I need every line from the start of the material below up to and including the line containing "Coffin place setting", restated exactly, with the pictures omitted.
Start of Data
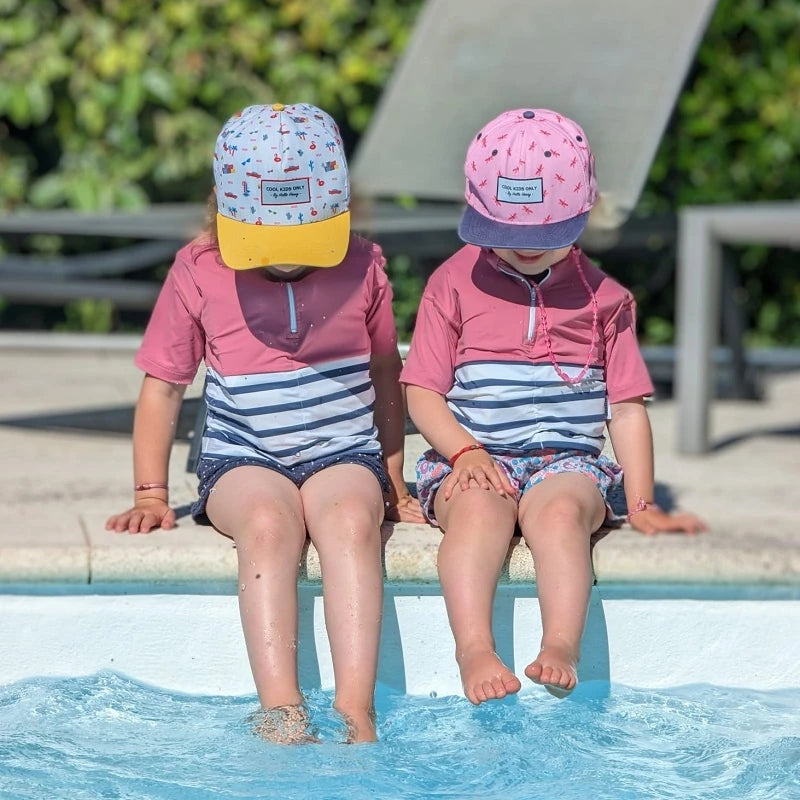 two little girls wearing pink anti-drowning tee-shirt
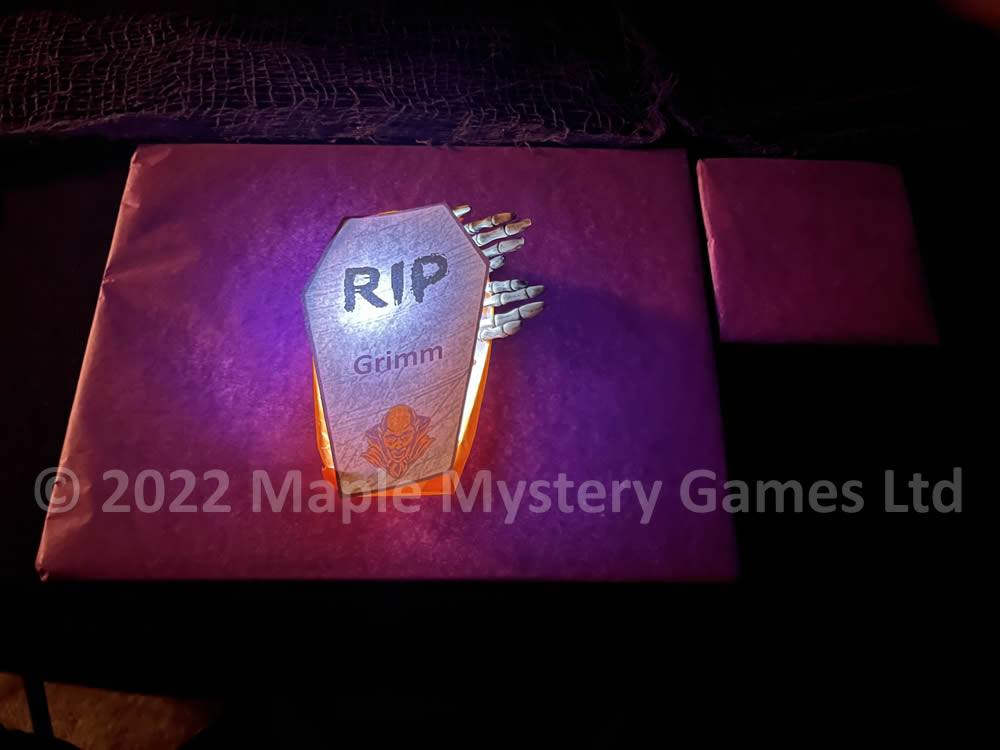 Coffin place setting has RIP and the player's name; orange coffin contrasts with a purple mat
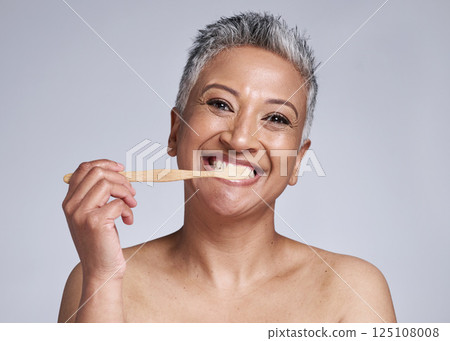 Mature woman, toothbrush and brushing teeth on studio background, morning grooming routine or healthcare wellness. Portrait, smile or beauty model in dental care cleaning or happy hygiene maintenance 125108008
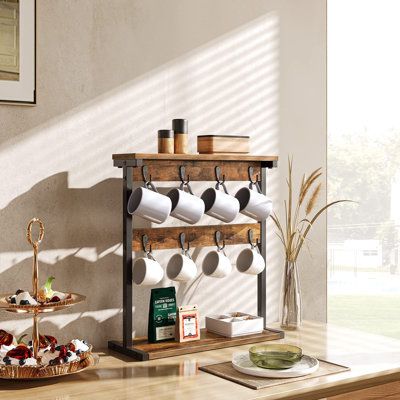 This mug holder stand has 8 hooks that can hang mugs, coffee cups or tea cups etc. and 2 open shelves as the reasonable place for goblets or wine cups, so that you can prepare your favourite drink at any time.This mug tree holder rack works better in saving space on the countertop. It can be placed on kitchen counters, dining tables, coffee tables, or cabinets to organize or display hanging items without wasting any small corners. High-class particleboard and iron pipes make this mug holder stan Mug Holder Stand, Shelves Organization, Coffee Mug Holder, Hanging Items, Kitchen Rustic, Mug Tree, Vintage Mug, Mug Holder, Kitchen Counters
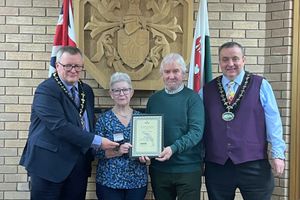 Mair and Roy Wilson receiving their awards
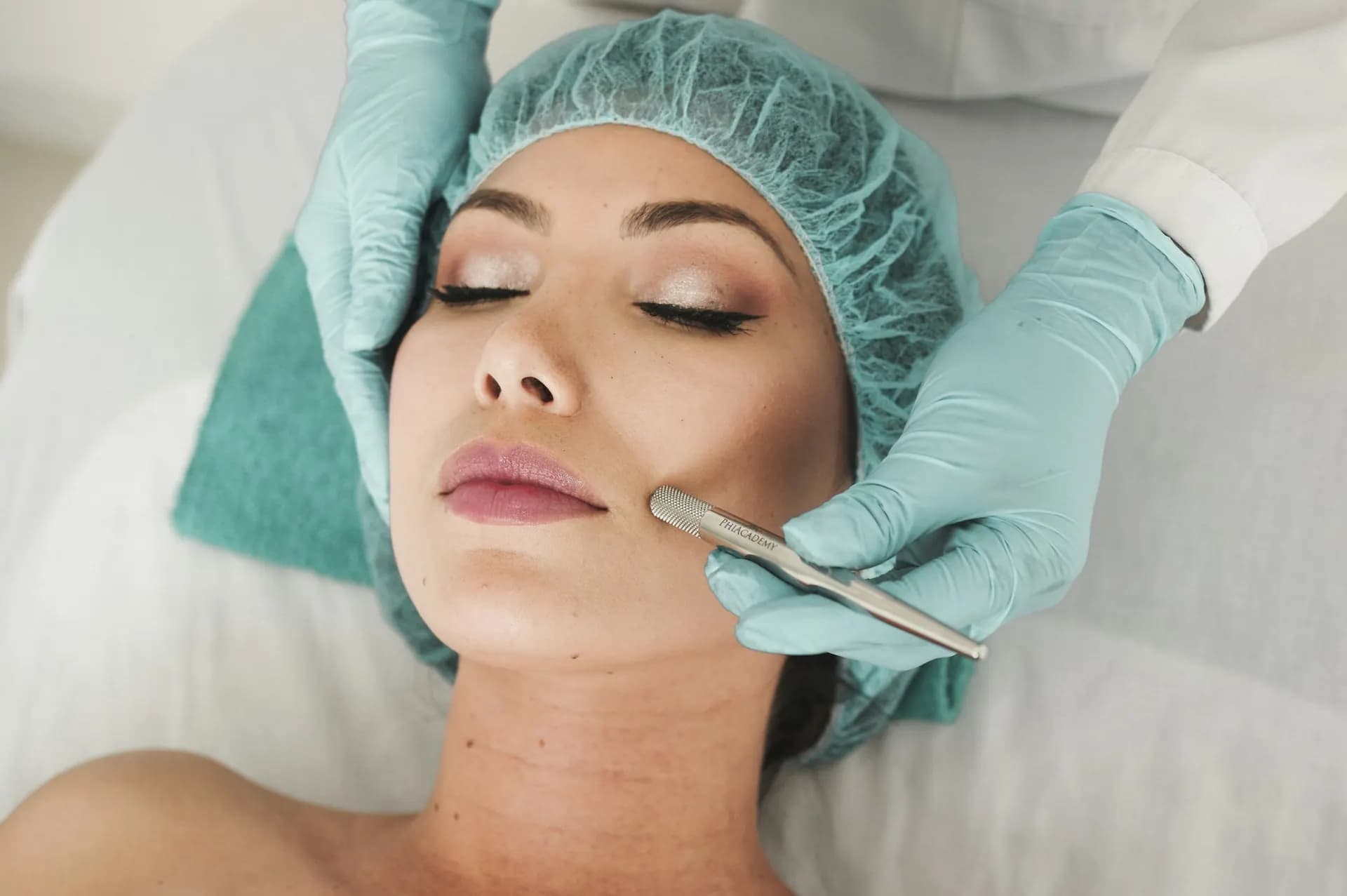 Dermatologist examining a patient's skin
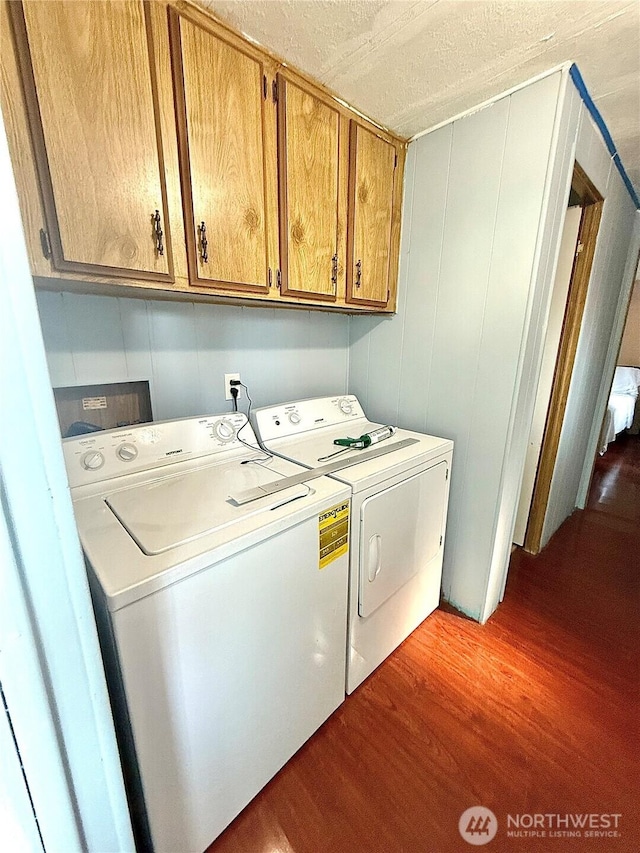 3333 SE 228th St Unit 105, Bothell, WA 98021 - laundry room with independent washer and dryer, cabinet space, wood finished floors, and a textured ceiling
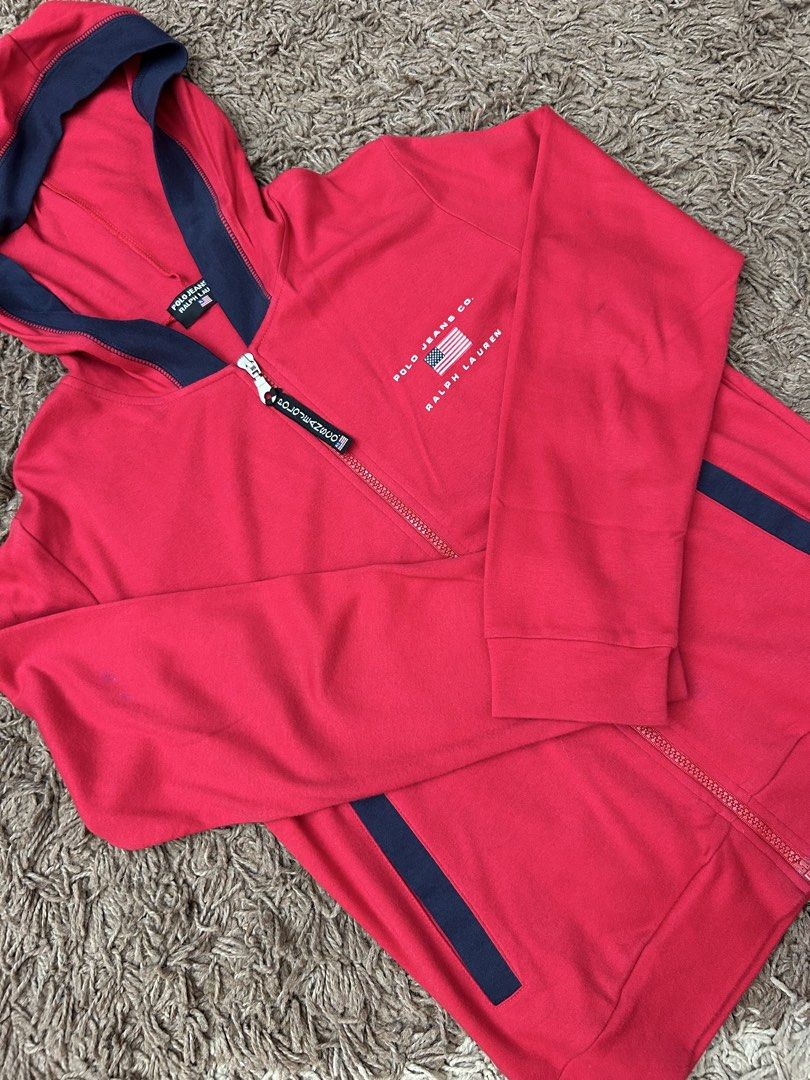 Auth Polo Jeans Ralph Lauren Zip Up Jacket (Category: Coats, Jackets and Outerwear) located in Paranaque City. Submitted by madenise_declutter (Listing ID 1470976956, Image 1). Description: Vibrant red zip-up hoodie from Polo Jeans Co. Ralph Lauren. Navy blue contrast panels on the hood and sides. American flag graphic printed on the chest with Polo Jeans Co. and Ralph Lauren branding. Custom branded zipper pull tab with miniature flag detail. In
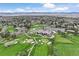 Scenic aerial view of golf course and clubhouse with mountain backdrop at 15 Latigo Pl, Littleton, CO 80123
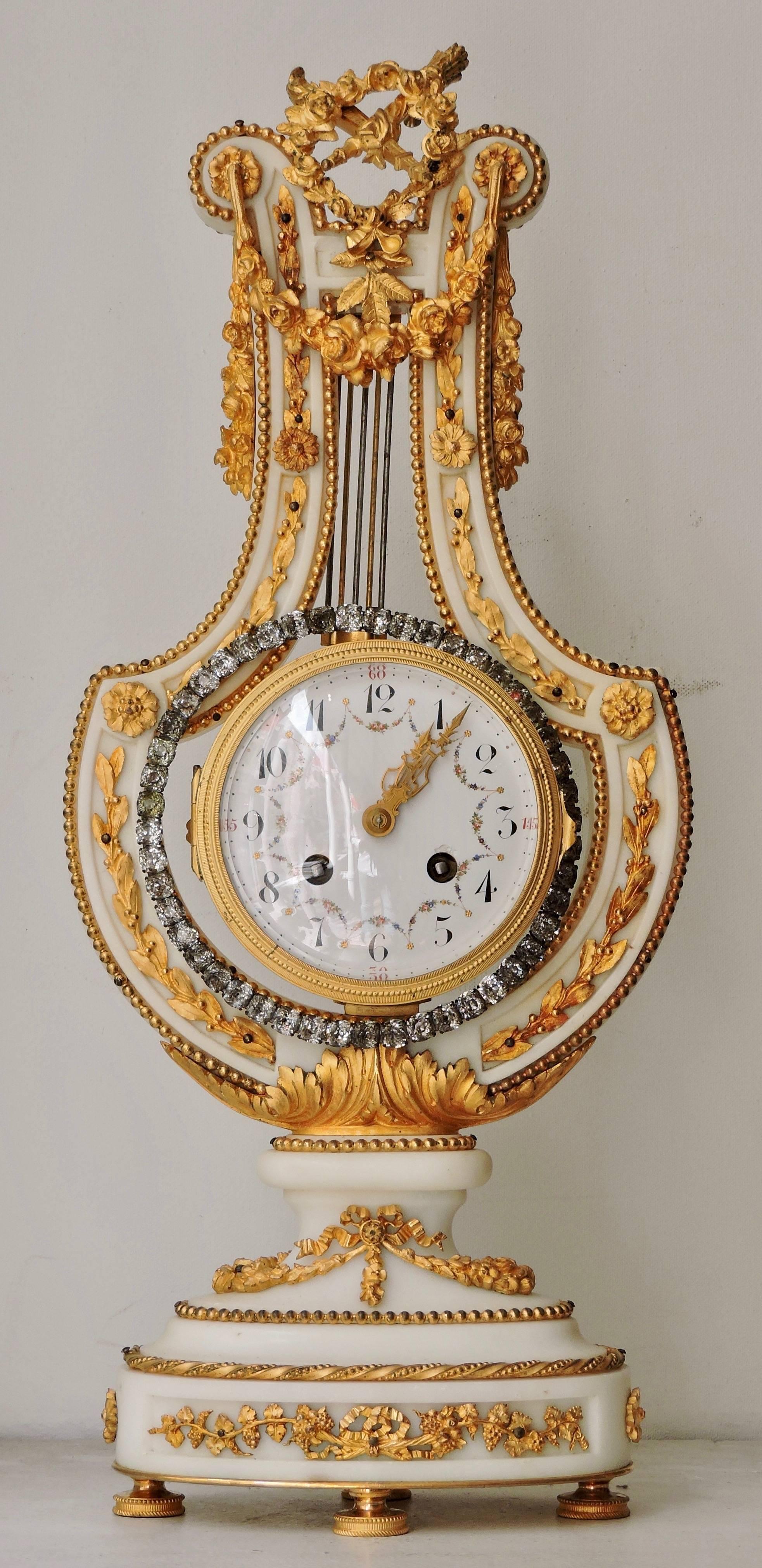 French Ormolu and White Marble Three-Piece Lyre Shaped Clock Garniture In Good Condition In Saint-Ouen, FR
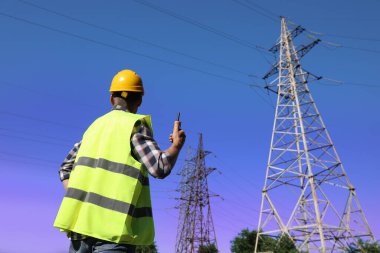 Yüksek voltaj kulesi yakınında taşınabilir radyo istasyonu olan profesyonel bir elektrikçi.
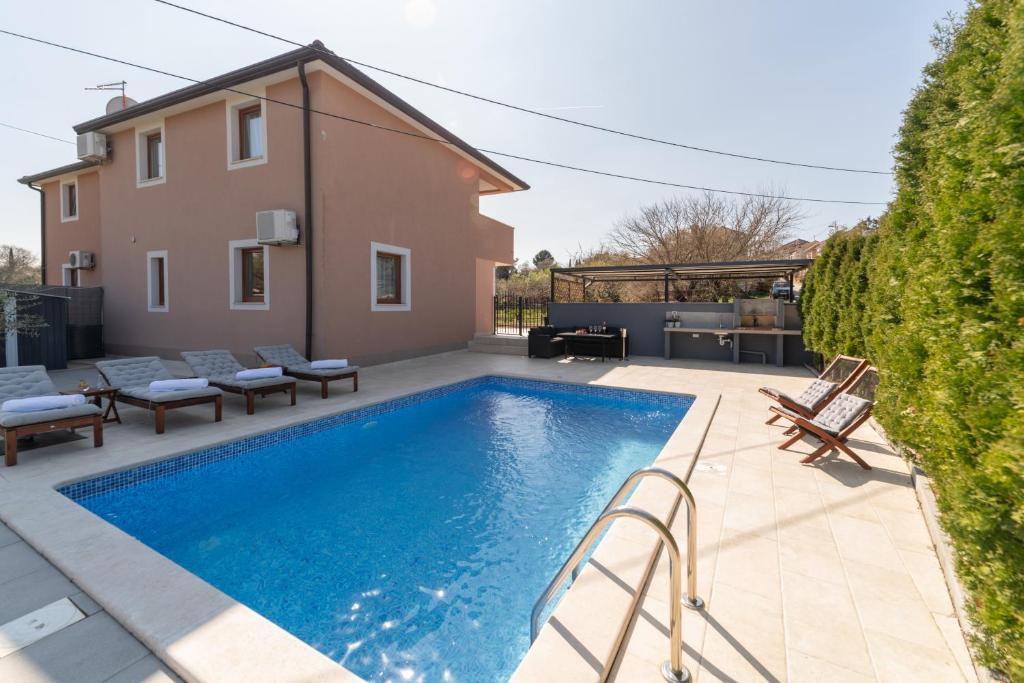 a swimming pool with chairs and a house at Holiday Home Kiara in Brtonigla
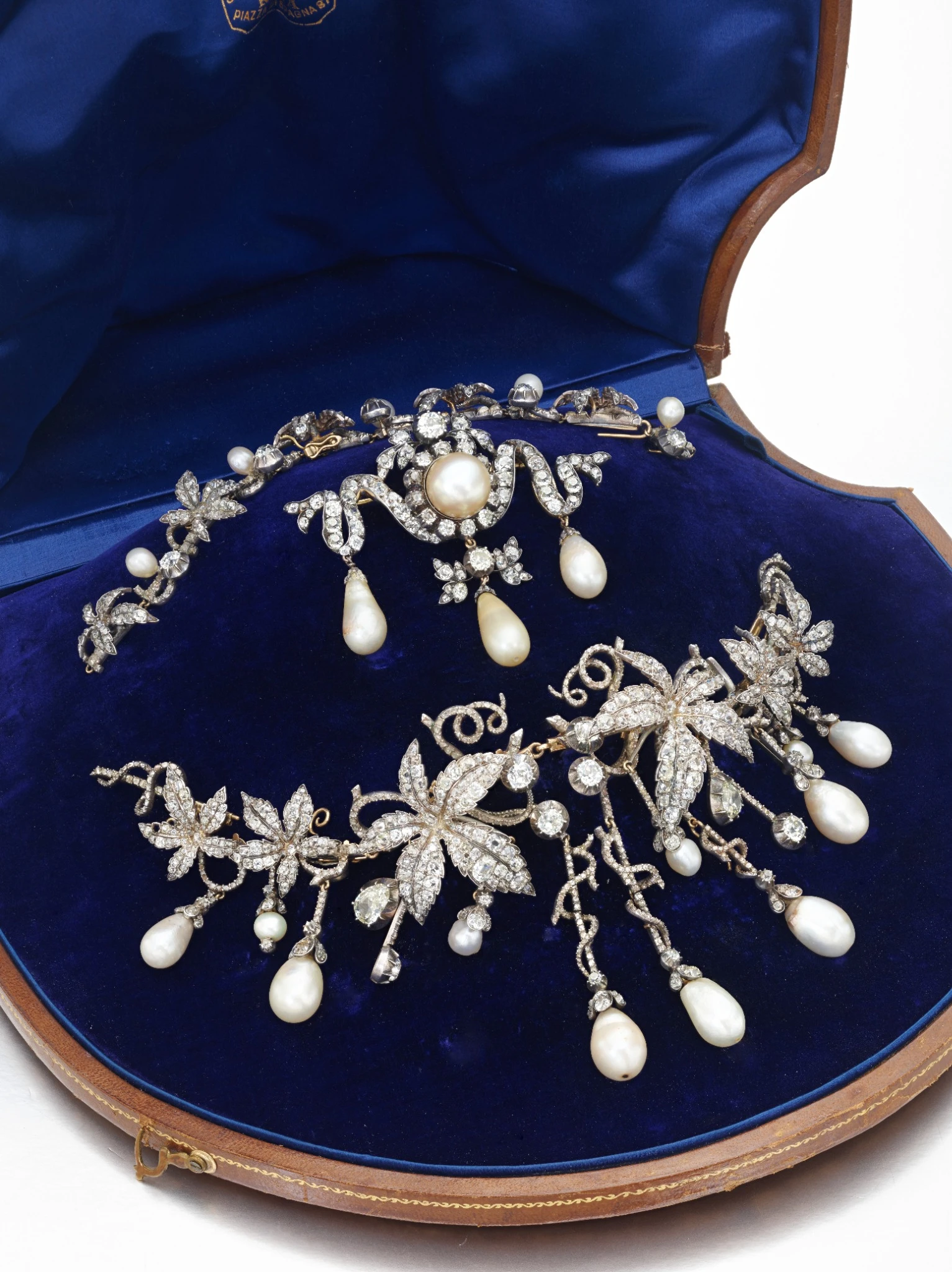 Una parure di gioielli ornati con diamanti napoleone, con una spilla e una collana di diamanti e perle in un astuccio foderato di velluto blu. Entrambi i pezzi presentano disegni floreali con perle pendenti e dettagli scintillanti.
End of Data
◆ **Expected answer**
 two little girls wearing pink anti-drowning tee-shirt
 Coffin place setting has RIP and the player's name; orange coffin contrasts with a purple mat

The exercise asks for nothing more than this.